After completing this lab, you will be able to:

- Explain the distributed architecture of Spark in the context of smart building monitoring
- Simulate real-time sensor data for HVAC systems in a building
- Perform SQL queries to detect critical environmental conditions and calculate average readings
- Determine the aggregated results to the console for immediate insights into room conditions


## Background
Smart Building Solutions, Inc. specializes in optimizing HVAC (heating, ventilation, and air conditioning) systems to enhance comfort and energy efficiency in commercial buildings.
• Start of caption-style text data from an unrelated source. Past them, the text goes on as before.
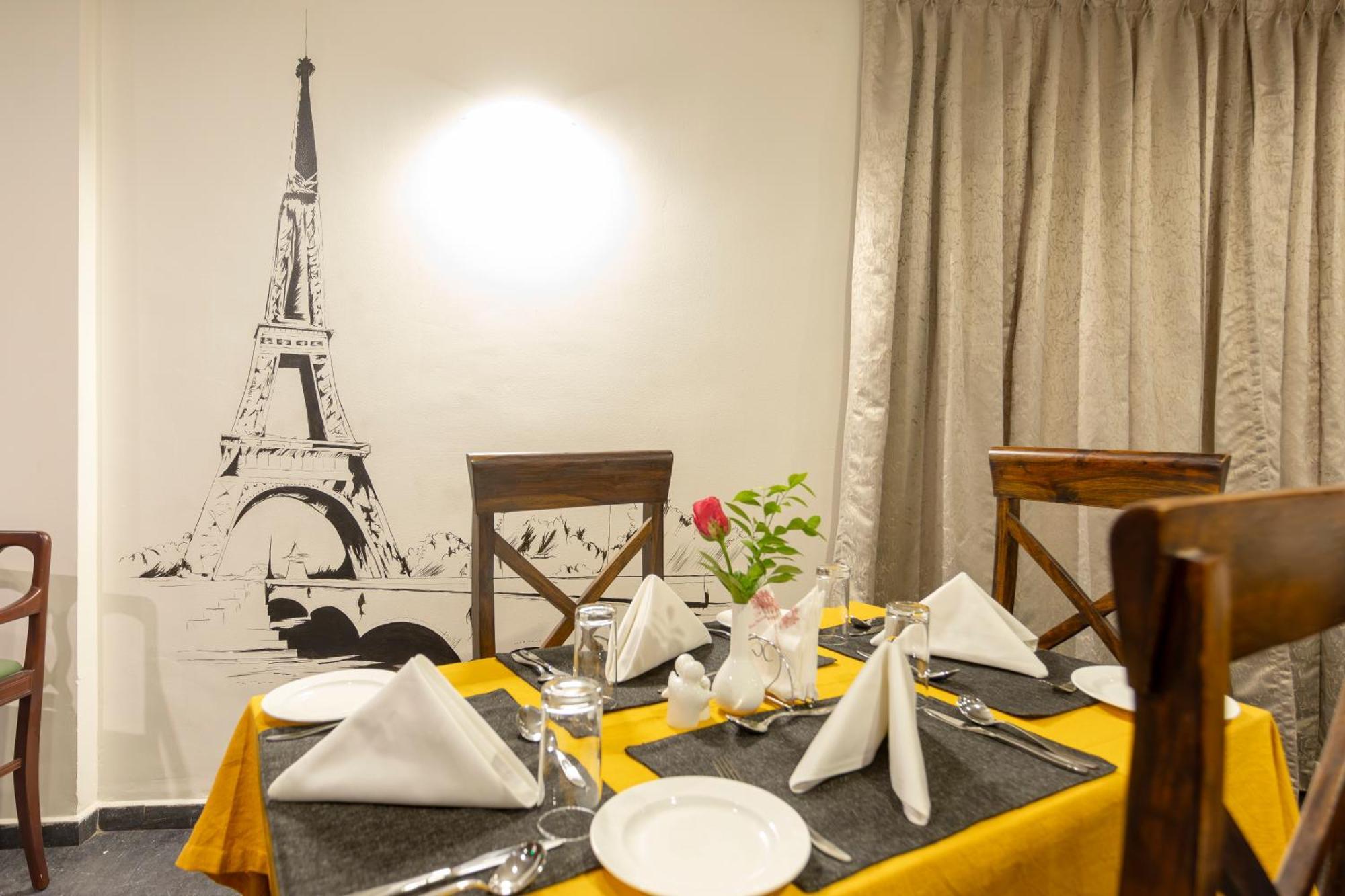 Hotel Narendra Central Muvattupuzha Экстерьер фото
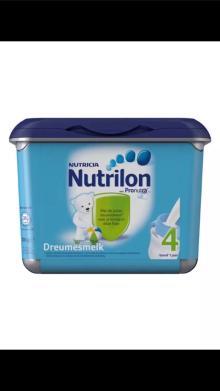 Nutrilon Jewelbox stage 4
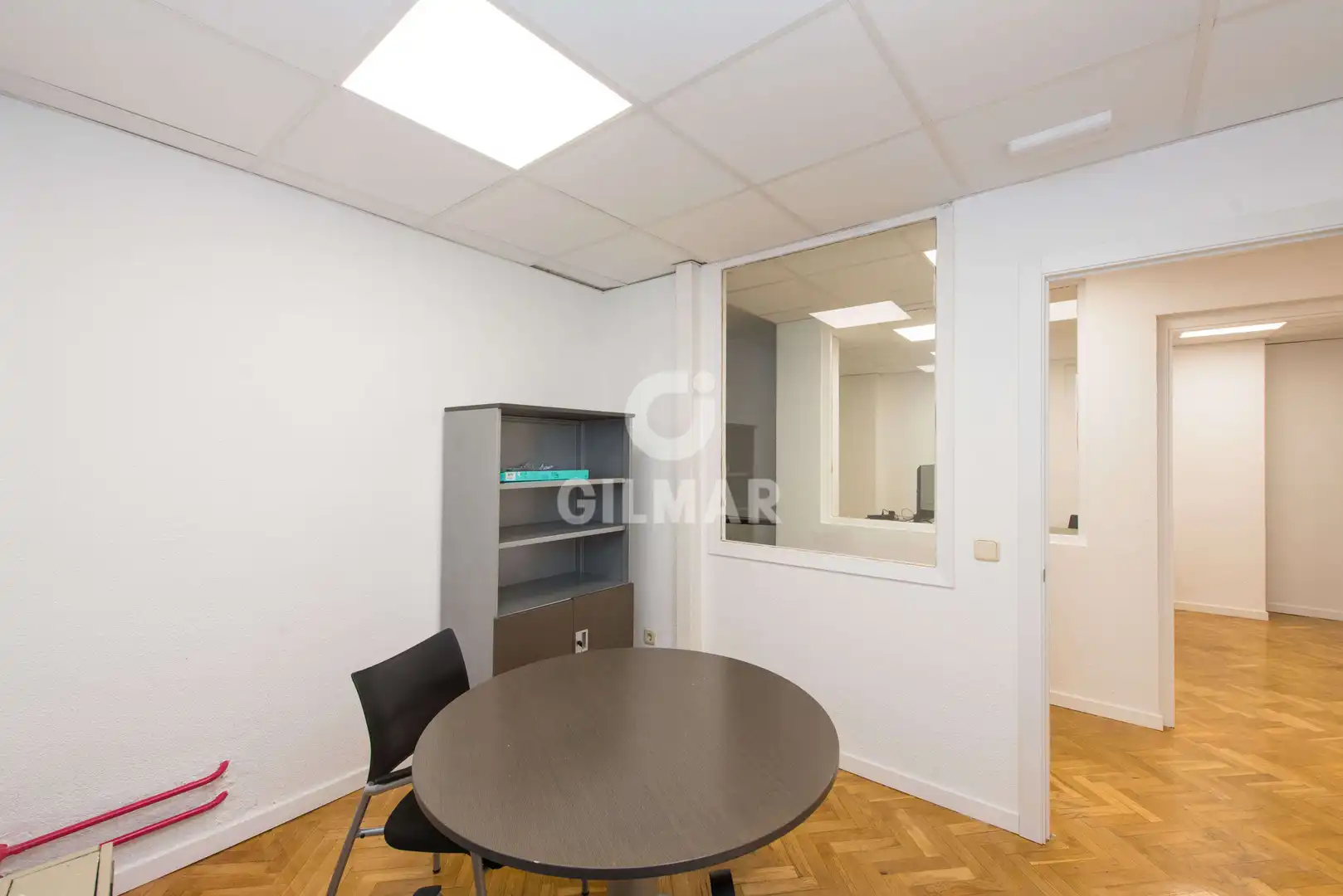 Büro zum Verkauf in Madrid mit Heizung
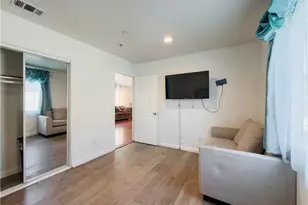 689 E 115, Los Angeles, CA 90059 - Photo 34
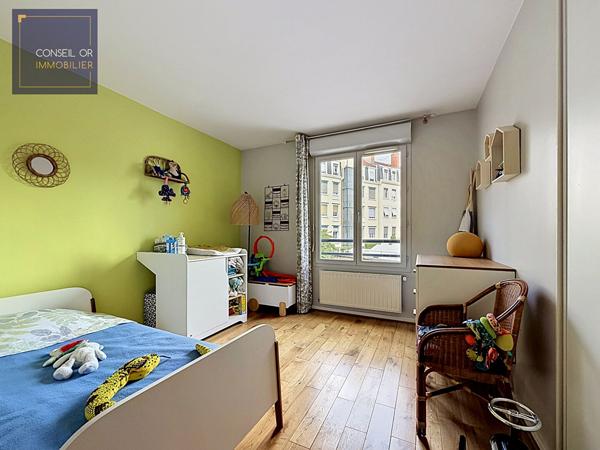 LYON 7 Saxe Gambetta T4 de 91 m² avec 2 balcons, vue dégagée, parking et cave , Lyon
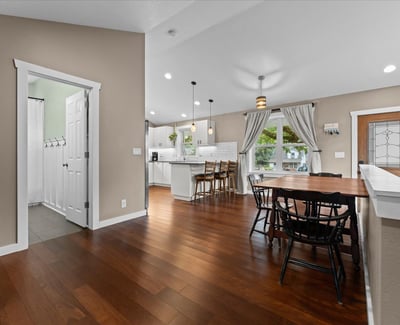 16366 Front Ave, Oregon City, OR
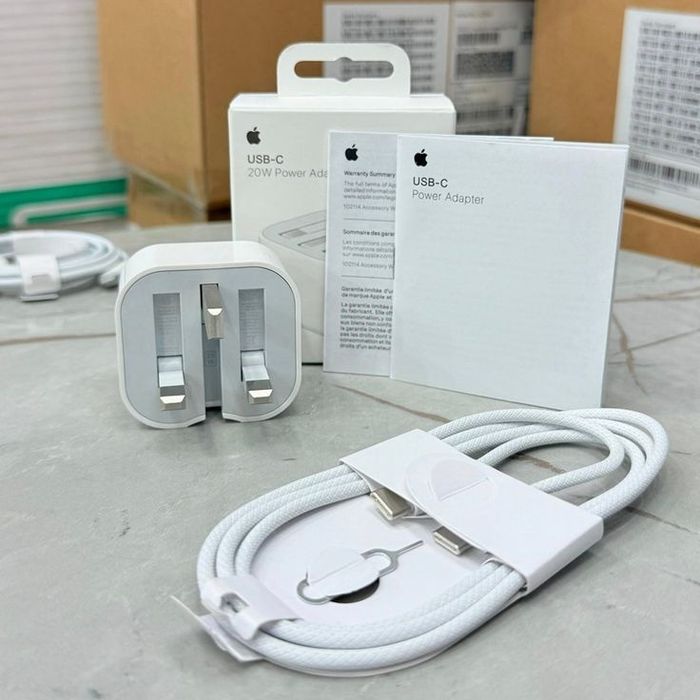 Original iPhone zaryadlagichlari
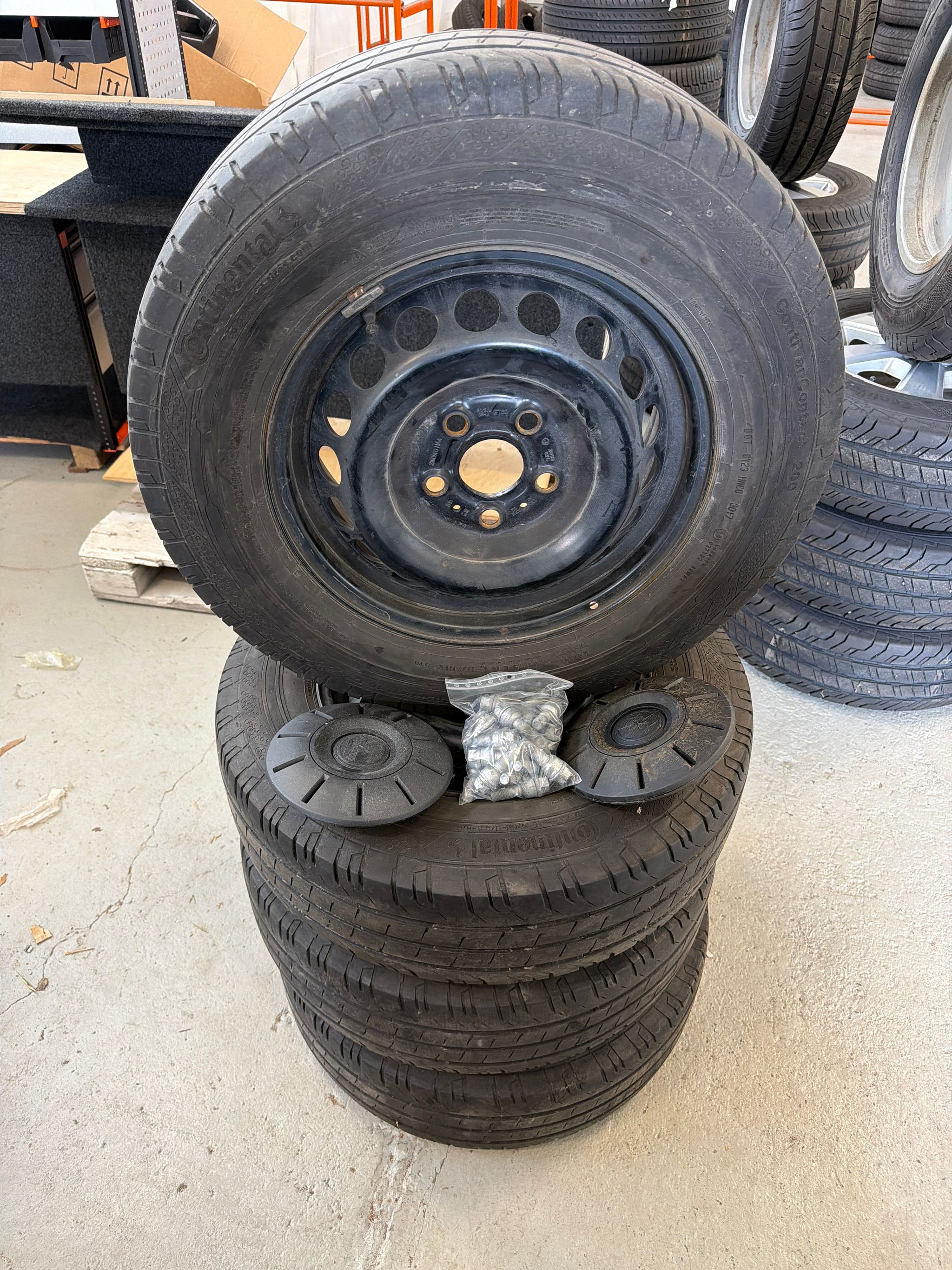 Image 1/3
By monitoring temperature and humidity levels in real-time across various rooms, the company aims to ensure optimal indoor conditions and preemptively address potential HVAC issues.

With a continuous influx of sensor data, Smart Building Solutions needs to process and analyze this data in real-time to maintain the quality of the indoor environment.

## Data set description
The simulated data set comprises:

`room_id`: Unique identifier for each room (e.g., R001, R002).

`temperature`: Current temperature reading from the sensor (in °C).

`humidity`: Current humidity level reading from the sensor (in %).

`timestamp`: Time when the reading was recorded (automatically generated by Spark).
The data is generated at a rate of 5 rows per second, simulating multiple rooms with various environmental conditions.


## Challenges
Monitoring indoor environmental conditions poses several challenges:

**High data velocity**: Continuous data from multiple sensors can overwhelm traditional systems.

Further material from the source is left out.